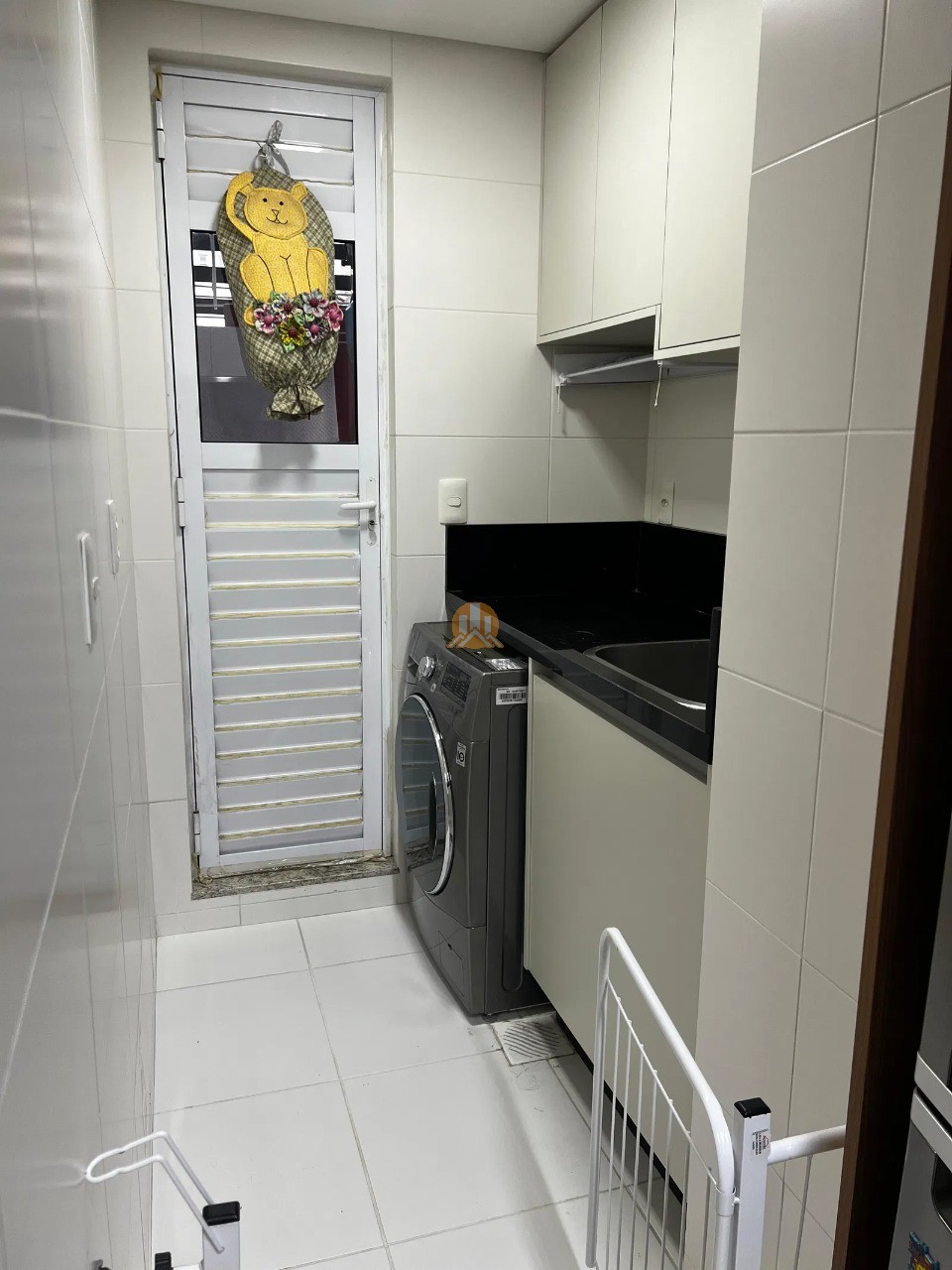 Apartamento à venda com 2 quartos, 72m² - Foto 10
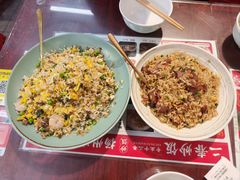 -扬二春炒饭(国庆路总店)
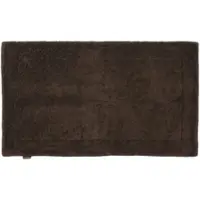 Abyss & Habidecor Badmat Double Mustang-60 x 100 cm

════

Problem to solve
Would you copy all of the data exactly? Keep the pictures out of it.

Written reply
 Apartamento à venda com 2 quartos, 72m² - Foto 10
 -扬二春炒饭(国庆路总店)
 Abyss & Habidecor Badmat Double Mustang-60 x 100 cm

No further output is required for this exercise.